David Williamson is probably Australia's best playwright, and
certainly the most well-known. It's not always that his plays are works of creative
genius, but he knows how to connect with an audience so well that his work has been the
bread and butter for some of our biggest theatre companies for longer than most care to
remember.
As Williamson's career winds down (though he uses the word retirement like it's
going out of fashion), a new generation of playwrights must emerge, particularly to ensure
Australian-made content remains in our theatres. Meet Jonathan Gavin - the 34-year-old
Sydney-sider, who started his passion for writing at an extremely young age, devising
plays with his sister.
"In the first one I remember, Little Red Riding Hood did battle with a witch who was
killing children by poisoning their Coca-Cola," Gavin said.

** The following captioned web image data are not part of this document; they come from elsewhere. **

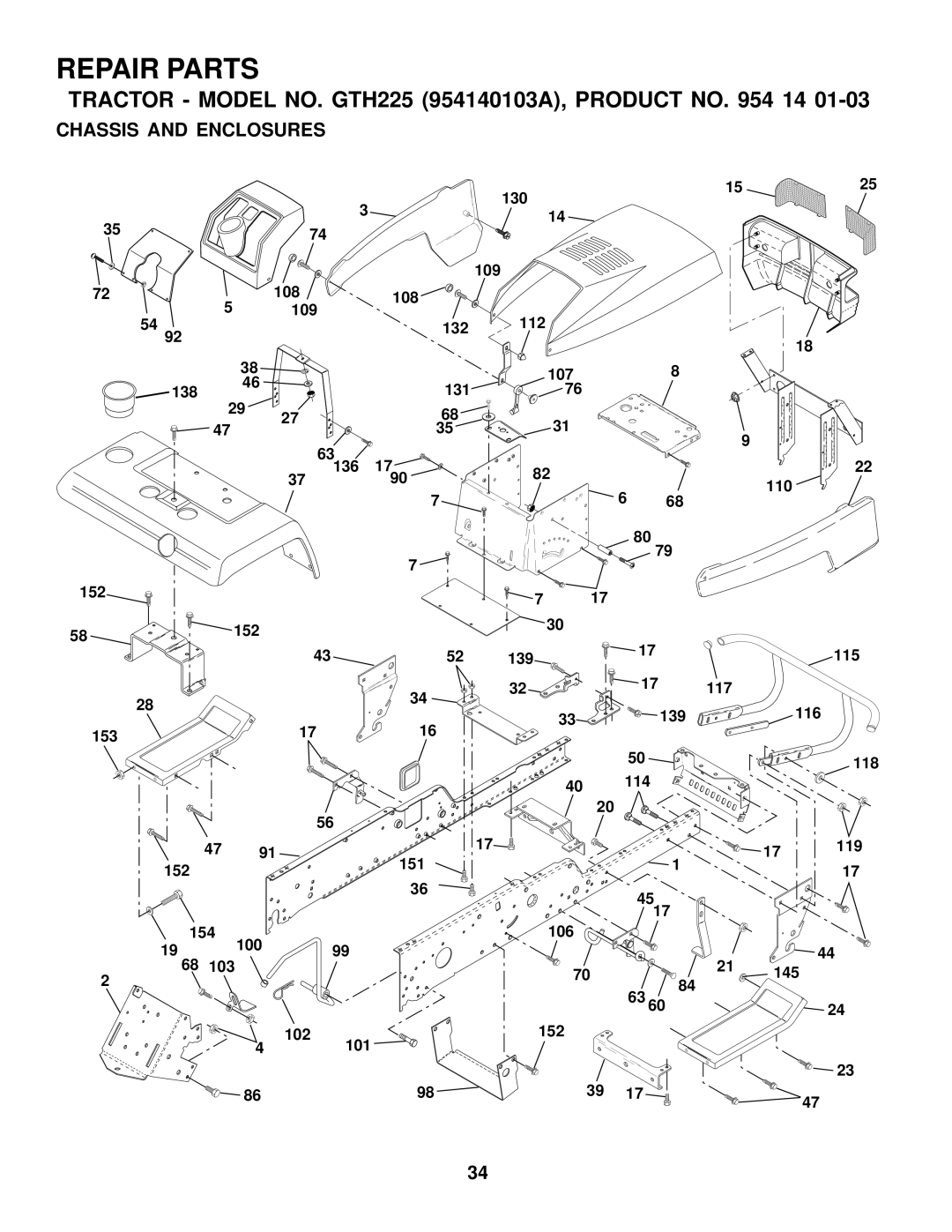 Husqvarna GTH225 owner manual Chassis and Enclosures 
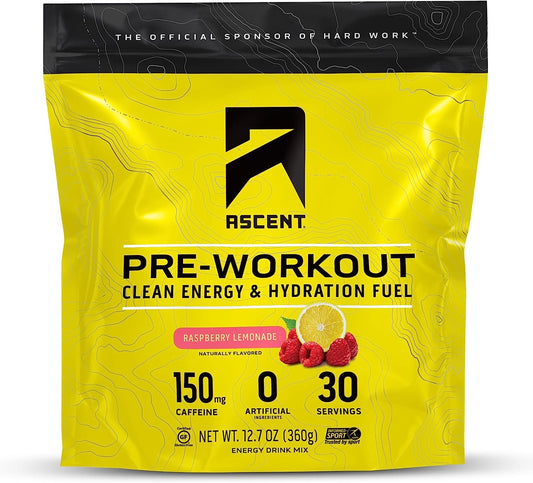 PROLINE SPORTS NUTRITION raspberry lemonade pre workout powder with electrolytes and caffeine for men and women, 30 servings.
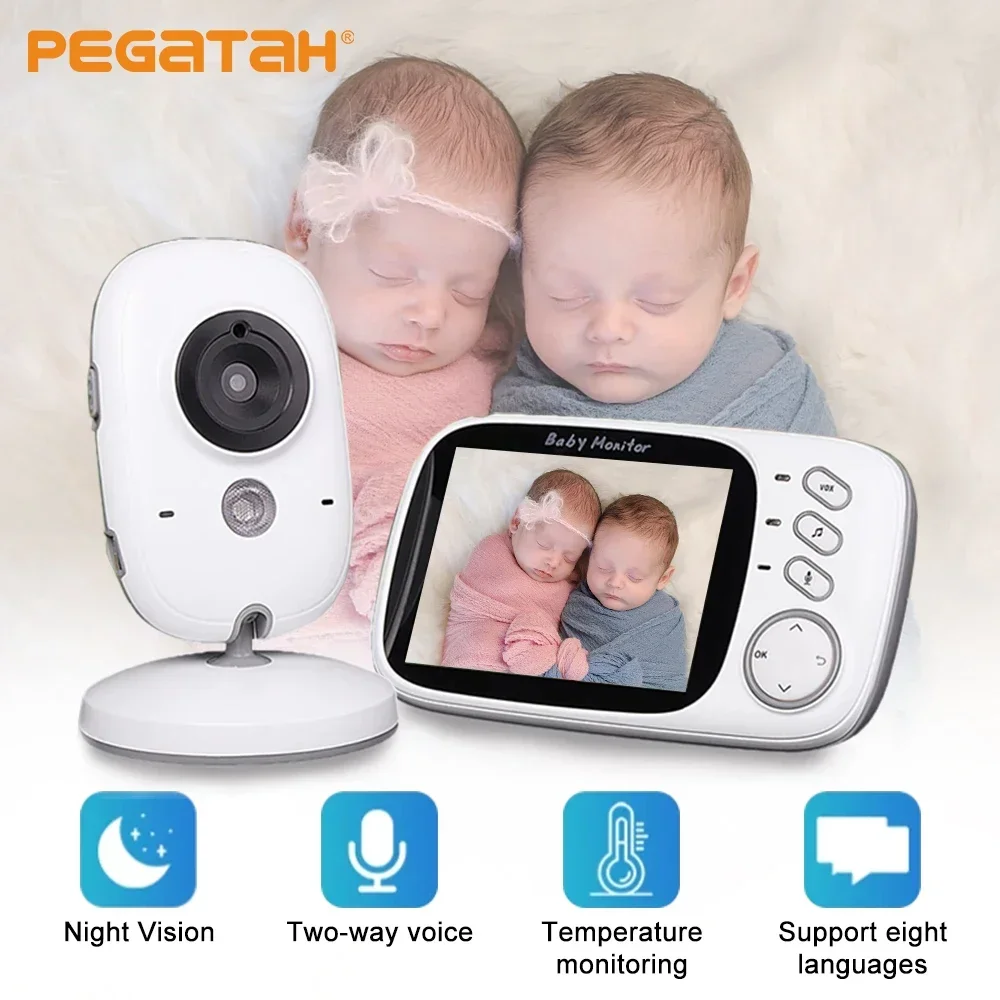 3.2inch Video Baby Monitor Wireless Bluetooth 2 Way Audio Talk Night Vision Baby Nanny Temperature Monitoring Babysitter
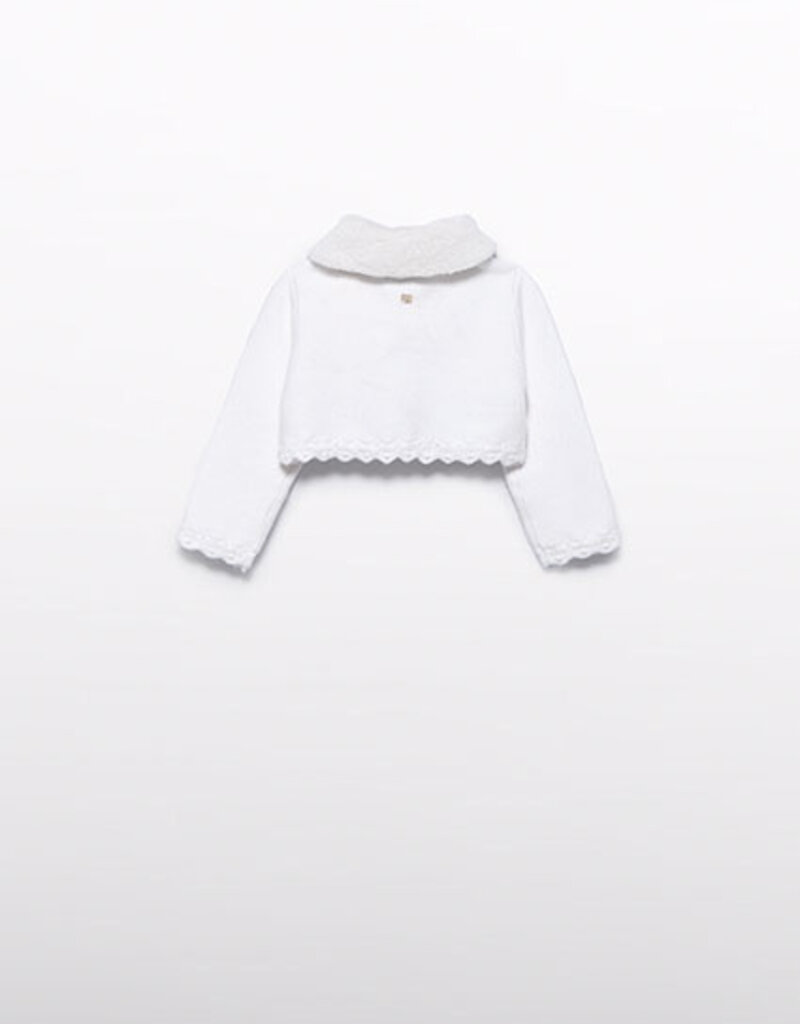 Abel & Lula Faux Fur Collar Cardigan Cream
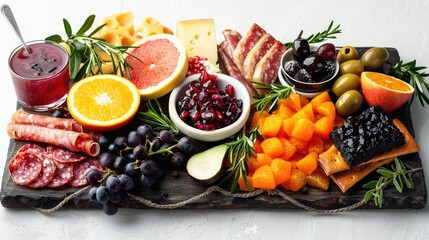 Delicious charcuterie board filled with a variety of fresh fruits cured meats cheeses olives and other savory garnishes arranged on a rustic wooden table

"We followed up that runaway success with a sequel in which Little Red Riding
Hood did battle with the Easter Bunny, who was killing children by poisoning their Easter
eggs. We eventually moved on from the poisoning theme, but it was a beauty because it
meant that we got to do all sorts of dramatic deaths in the performances."
Childhood memories aside, Gavin has developed into one of the country's top
emerging playwrights, and his latest work Tiger Country plays as part of the
Griffin Theatre Company's Stablemates program later this year.
"Tiger Country is three plays in one," Gavin explains.
"First, it's a Christmas comedy set in the outskirts of Sydney. Second, it's a family
drama concerning the rivalry between three brothers and their wives. And third, it's a
satirical meditation on certain trends I think I see in the world. I can't help but think
that we are becoming more insular, more selfish, and we are taking less and less
responsibility for the consequences of our actions. The family in the play is one in which
what's right is less important than what can be got away with."
One thing you can say about those working in the theatre industry is that money
isn't foremost in their minds. After all, no matter what level of the industry you work
in, big cheques are a rarity.
Gavin fits the bill perfectly.
"I'm not in any way a careerist and I don't care much about money, so the
biggest difficulties I face as a playwright are creative," he said.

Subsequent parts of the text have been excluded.